LA PONCIA.— Basta. Se trata de lo tuyo. Pero si fuera la vecina de enfrente, ¿qué sería?

BERNARDA.— Ya empiezas a sacar la punta del cuchillo.

LA PONCIA.—
(Siempre con crueldad.)
No, Bernarda, aquí pasa una cosa muy grande. Yo no te quiero echar la culpa, pero tú no has dejado a tus hijas libres. Martirio es enamoradiza, digas lo que tú quieras. ¿Por qué no la dejaste casar con Enrique Humanes? ¿Por qué el mismo día que iba a venir a la ventana le mandaste recado que no viniera?

BERNARDA.—
(Fuerte.)
¡Y lo haría mil veces! Mi sangre no se junta con la de los Humanes mientras yo viva! Su padre fue gañán.

LA PONCIA.— ¡Y así te va a ti con esos humos!

BERNARDA.— Los tengo porque puedo tenerlos. Y tú no los tienes porque sabes muy bien cuál es tu origen.

LA PONCIA.—
(Con odio.)
¡No me lo recuerdes! Estoy ya vieja, siempre agradecí tu protección.

BERNARDA.—
(Crecida.)
¡No lo parece!

LA PONCIA.—
(Con odio envuelto en suavidad.)
A Martirio se le olvidará esto.

BERNARDA.— Y si no lo olvida peor para ella. No creo que ésta sea la «cosa muy grande» que aquí pasa. Aquí no pasa nada. ¡Eso quisieras tú! Y si pasara algún día estáte segura que no traspasaría las paredes.

LA PONCIA.— ¡Eso no lo sé yo! En el pueblo hay gentes que leen también de lejos los pensamientos escondidos.

BERNARDA.— ¡Cómo gozarías de vernos a mí y a mis hijas camino del lupanar!

LA PONCIA.— ¡Nadie puede conocer su fin!

BERNARDA.— ¡Yo sí sé mi fin! ¡Y el de mis hijas! El lupanar se queda para alguna mujer ya difunta...

LA PONCIA.—
(Fiera.)
¡Bernarda! ¡Respeta la memoria de mi madre!

BERNARDA.— ¡No me persigas tú con tus malos pensamientos!

(Pausa.)

LA PONCIA.— Mejor será que no me meta en nada.

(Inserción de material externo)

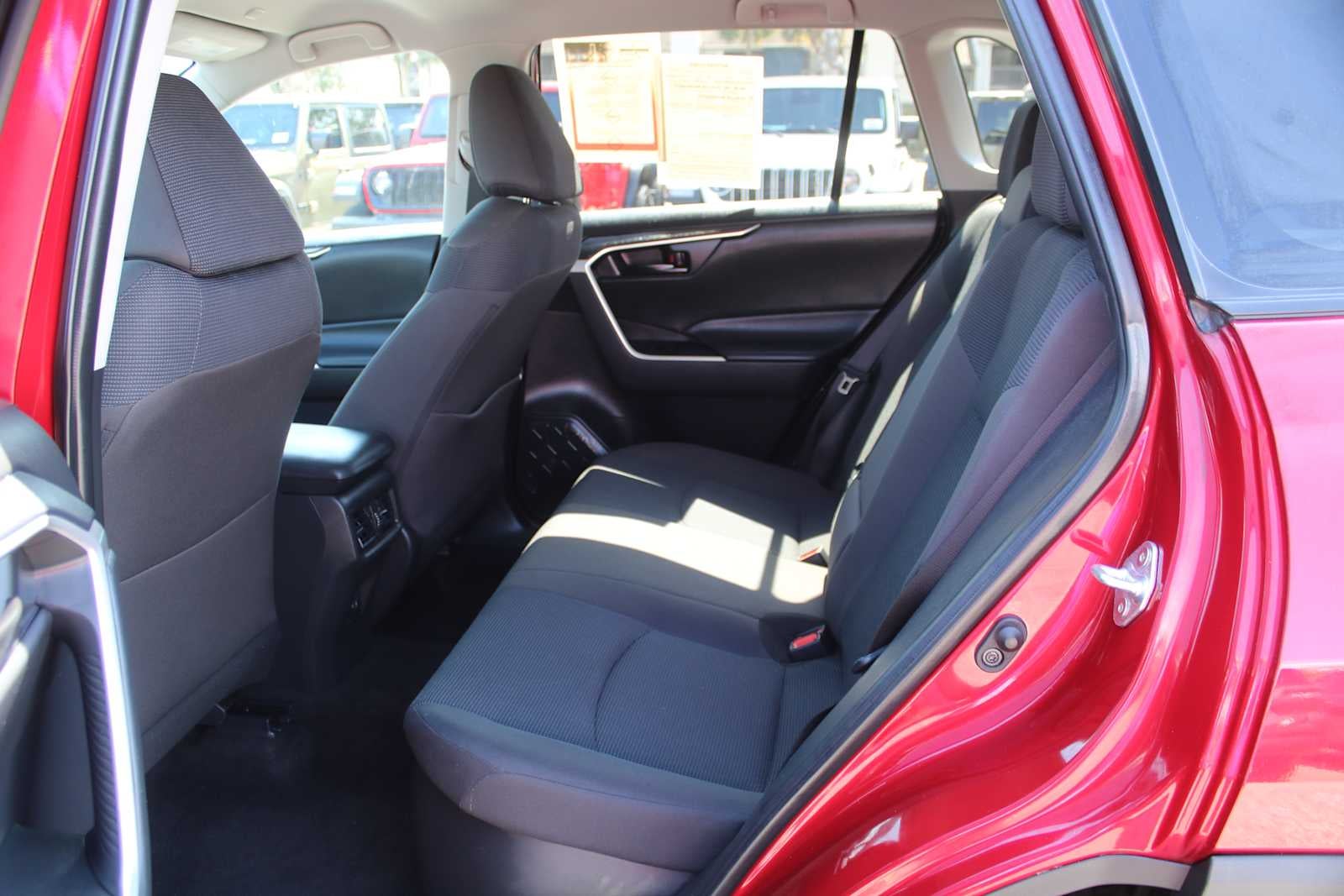 2023 Toyota RAV4 Hybrid LE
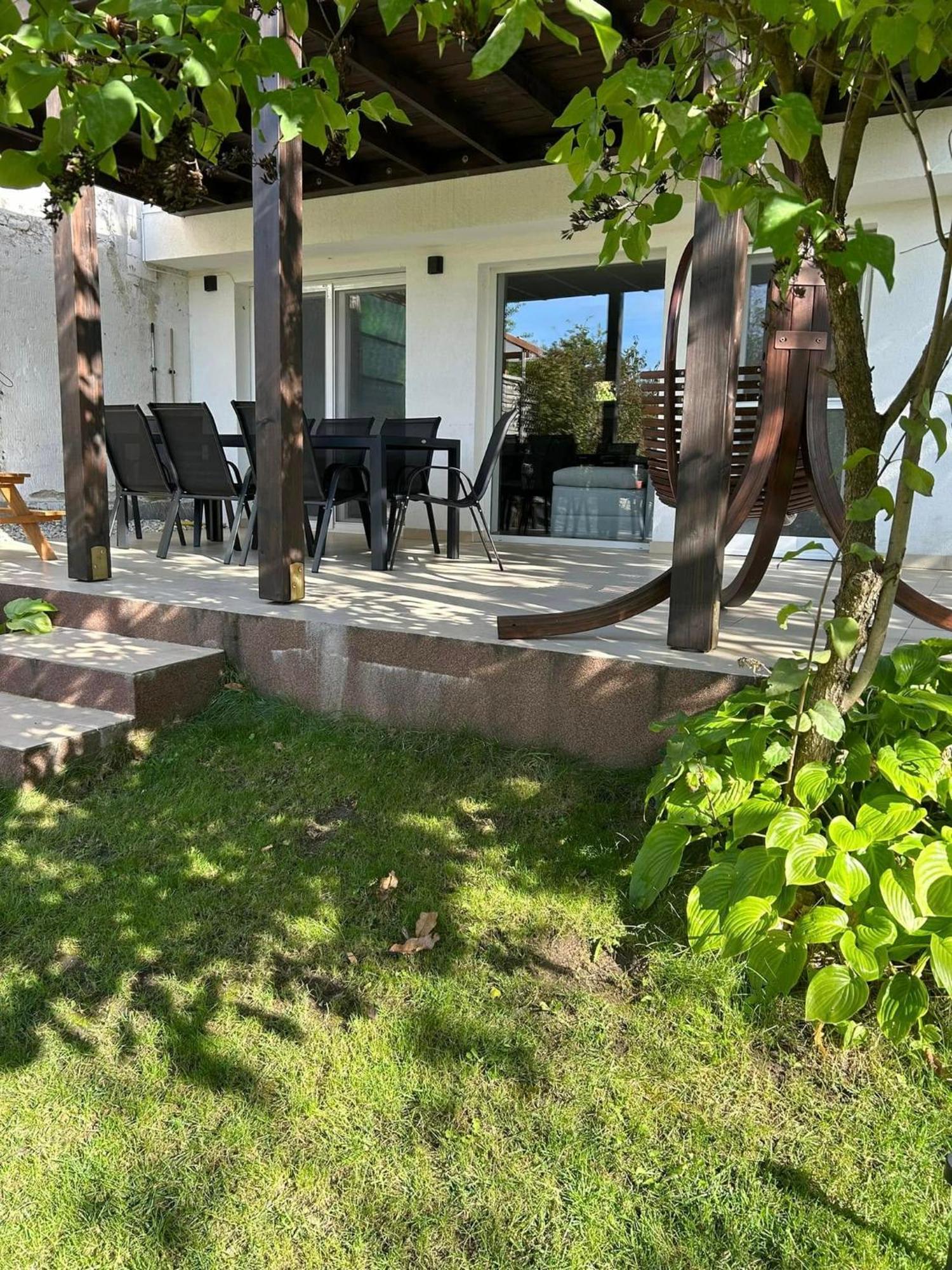 Sun&Fun Vendeghaz Villa Balatonakarattya Exteriör bild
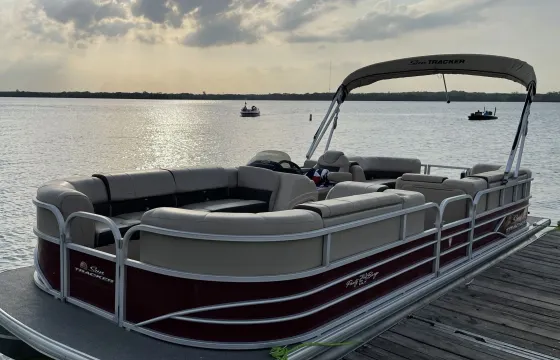 2018 Sun Tracker Party Barge 24 DLX Pontoon | Lake Weatherford
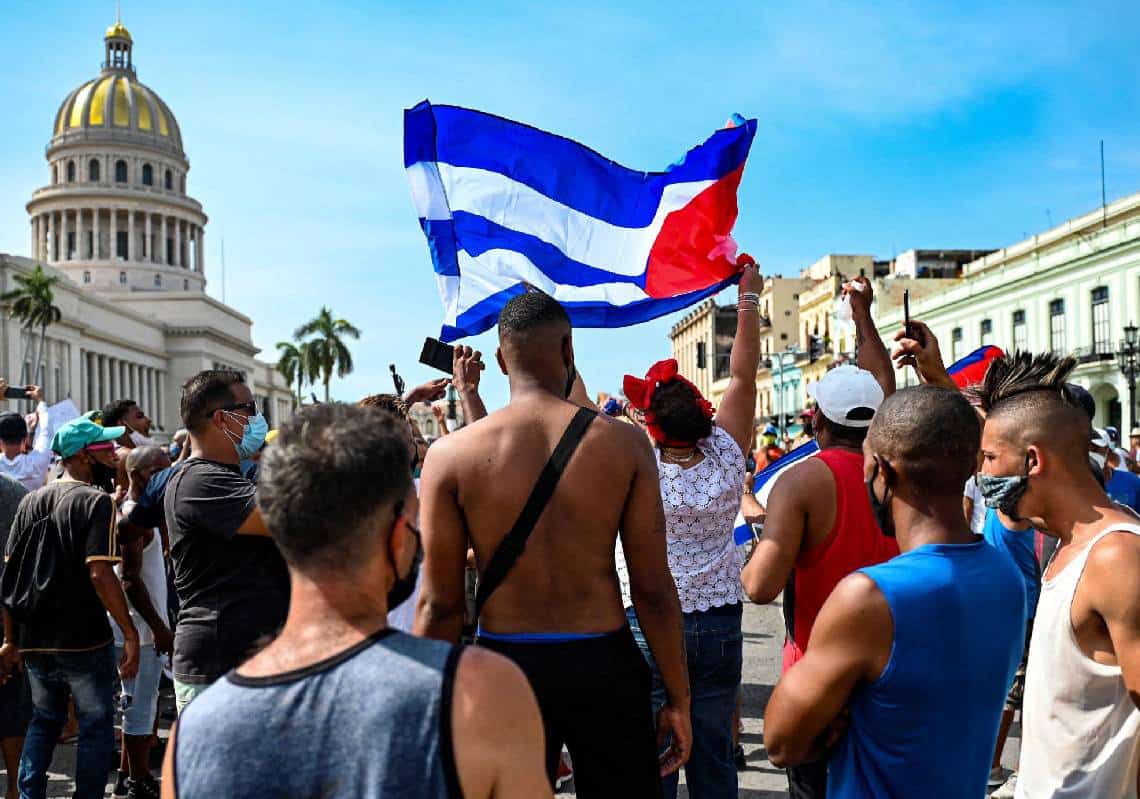 האביב הקאריבי? 90 מיילים מחופי 'קי-ווסט' יתכן ומתבשלת לה מהפכה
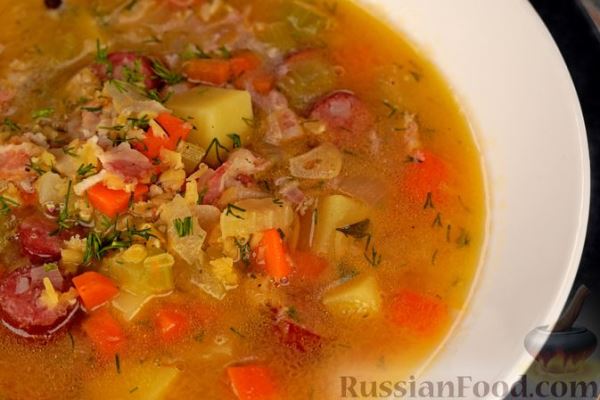 Чечевичный суп с копчёными колбасками и сельдереем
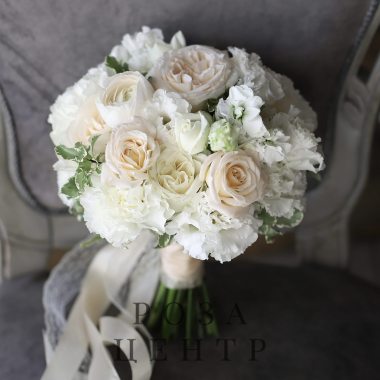 Букет невесты с кремовыми розами и зеленью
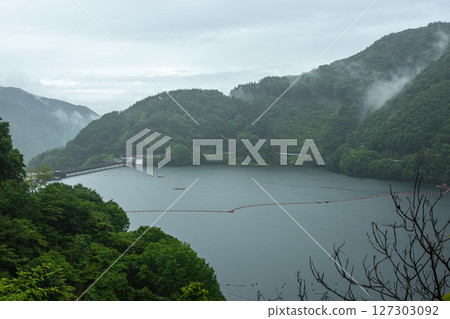 群馬縣綠市,草木湖和草木水壩在雨霧籠罩下呈現一片寧靜的景色 群馬縣綠市,草木湖和草木水壩在雨霧籠罩下呈現一片寧靜的景色 127303092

BERNARDA.— Eso es lo que debías hacer. Obrar y callar a todo. Es la obligación de los que viven a sueldo.

LA PONCIA.— Pero no se puede. ¿A ti no te parece que Pepe estaría mejor casado con Martirio o... ¡sí!, con Adela?

BERNARDA.— No me parece.

LA PONCIA.—
(Con intención.)
Adela. ¡Ésa es la verdadera novia del Romano!

BERNARDA.— Las cosas no son nunca a gusto nuestro.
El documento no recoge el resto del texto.